Que représentent les investissements dans les cryptomonnaies sur Trade Republic ?

Ils sont plutôt minimes. D'une part parce que nous avons mis un certain temps pour le proposer en Allemagne, Espagne et en Italie. Le 29 novembre dernier, nous avons lancé cette fonctionnalité en France, mais aussi en Autriche, Belgique, Irlande, Lettonie, Lituanie, Portugal, Slovaquie et Slovénie. Nous ne sommes pas une plateforme de trading. Ma conviction est que les cryptomonnaies représenteront une petite partie des portefeuilles de nos clients dans une logique de diversification, mais jamais la majorité. Il s'agit ici d'une option complémentaire que nous avons ajoutée à notre plateforme.

Comment vous rémunérez-vous ?

Nous percevons une commission à chaque fois que de l'argent est investi via notre plateforme. Nous partageons une partie des revenus avec les exchanges et nos partenaires techniques. Par exemple, les ETFs ont un coût et nous recevons donc une fraction de cette commission. Nous touchons également des commissions sur certaines opérations. Notre modèle pourrait laisser penser que notre but est d'inciter nos clients à trader autant que possible, mais ce n'est pas le cas. Notre objectif n'est pas de maximiser des revenus à court terme mais de générer des revenus récurrents à grande échelle. En clair, je préfère avoir 20 millions d'utilisateurs qui épargnent chaque mois 200 à 300 euros plutôt qu'un million d'utilisateurs qui font du trading quotidien sur du court terme. Nous voulons construire une relation de confiance et dans la durée avec nos clients en devenant leur tirelire personnelle.

Comment voyez-vous Trade Republic évoluer dans les années à venir ?

Après avoir réalisé une levée de 900 millions de dollars en juin 2021 menée par Sequoia, nous avons annoncé une nouvelle extension de 250 millions en juin 2022. Nous avons la chance de compter parmi nos investisseurs des fonds tels que Accel ou Funder Funds, le fonds de Peter Thiel.

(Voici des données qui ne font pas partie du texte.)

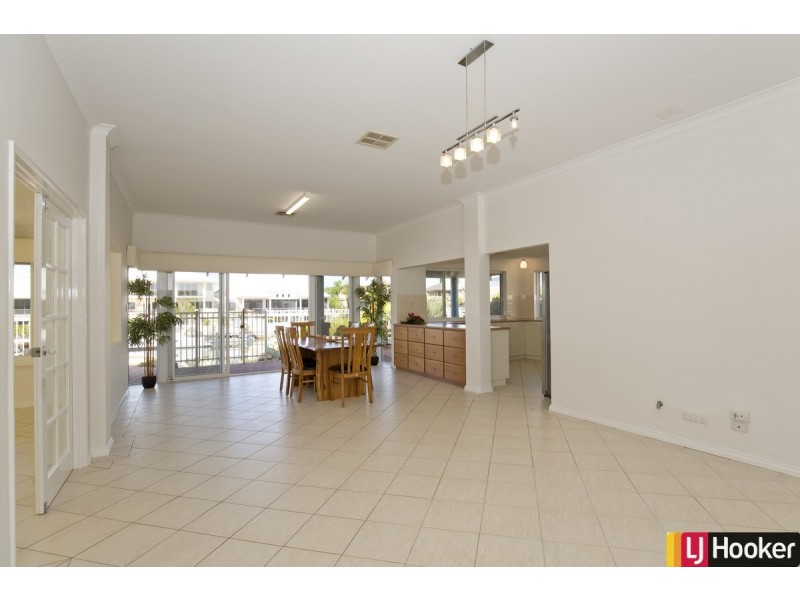 12 Fistina Ramble, Halls Head WA 6210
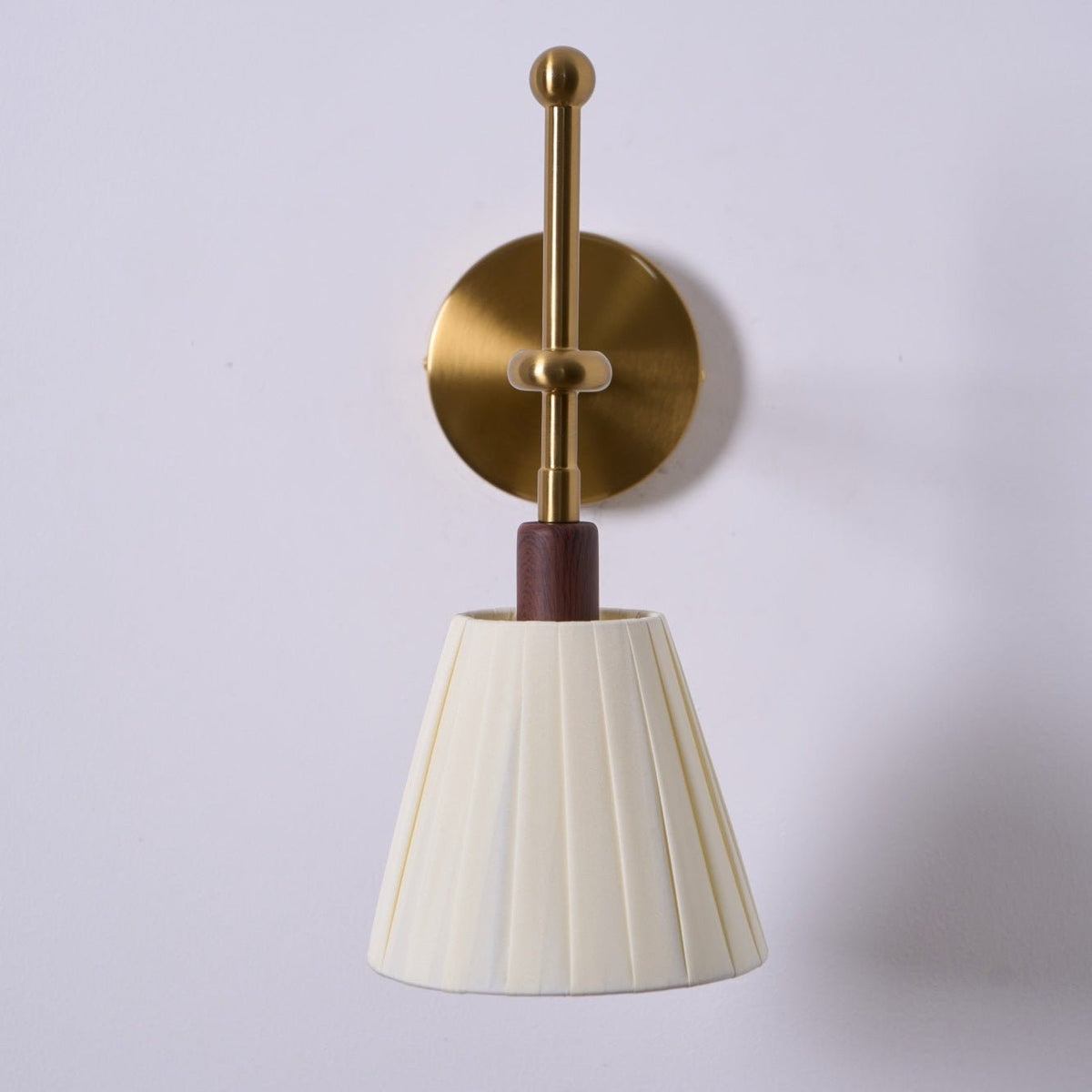 Cyrena Lampe Murale en Tissu Plissé Laiton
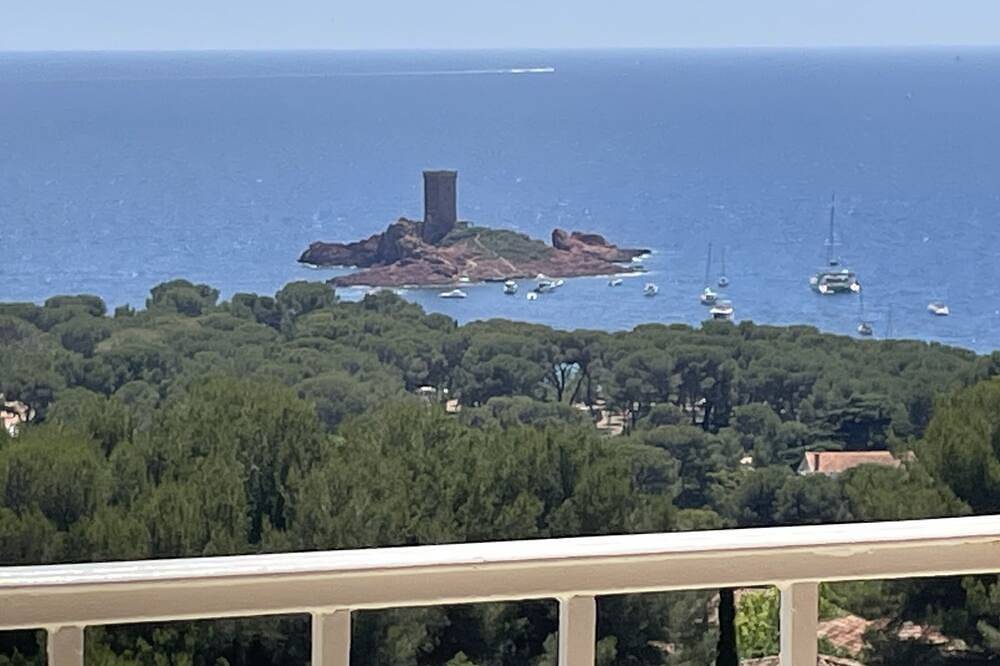 Ganze Wohnung, Sublime Meerblick - Zugang zu allen Pools angeboten  Sehr komfortabel und sauber in Le Dramont, Saint-Raphaël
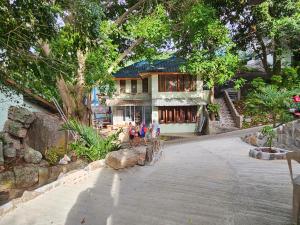 Photo #4 of Ocean View Resort in Tambon Ko Tao, Thailand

Malgré l'environnement macro-économique compliqué, nous sommes dans une situation privilégiée de pouvoir continuer à investir dans notre croissance. Nous allons continuer à offrir autant de services que possible pour permettre à nos clients de faire fructifier leur épargne.

Une entrée en bourse est-elle à l'étude ? Pourquoi cette stratégie très centrée sur l'Europe ?

Je ne vois pas d'IPO dans un horizon proche. L'entreprise a suffisamment d'argent en banque et nous n'avons pas besoin d'en lever davantage pour le moment. Beaucoup pensent que l'Europe n'est pas un marché intéressant pour une plateforme comme Trade Republic car les Européens n'investissent pas dans les marchés boursiers mais nous sommes convaincus du contraire. Si dans les 50 prochaines années, une majorité d'Européens commence à investir en bourse, cela pourrait devenir un marché gigantesque. Nos investisseurs, tels que Sequoia Capital ou Peter Thiel, partagent la même conviction.

Comptez-vous intégrer, à terme, la possibilité d'investir dans des entreprises non-cotées ?

Cela fait effectivement partie des outils permettant de faire fructifier son épargne. Pour autant, la plupart des modèles actuels n'offrent pas suffisamment de transparence et de fiabilité, ce qui ne nous permet pas de proposer à nos clients cette classe d'actif pour le moment. Il reste encore du travail pour que ce type d'investissement devienne pertinent.

Christian Hecker a cofondé Trade Republic en 2015 avec Thomas Pischke et Marco Cancellieri. Il a aujourd'hui en charge la stratégie et le développement de la société. Avant cela, il avait travaillé dans le secteur bancaire et financier, dont notamment chez Bank of America et Merrill Lynch. Il est diplômé d'un premier bachelor en business administration et d'un second en philosophie de l'université Ludwig Maximilians University à Munich.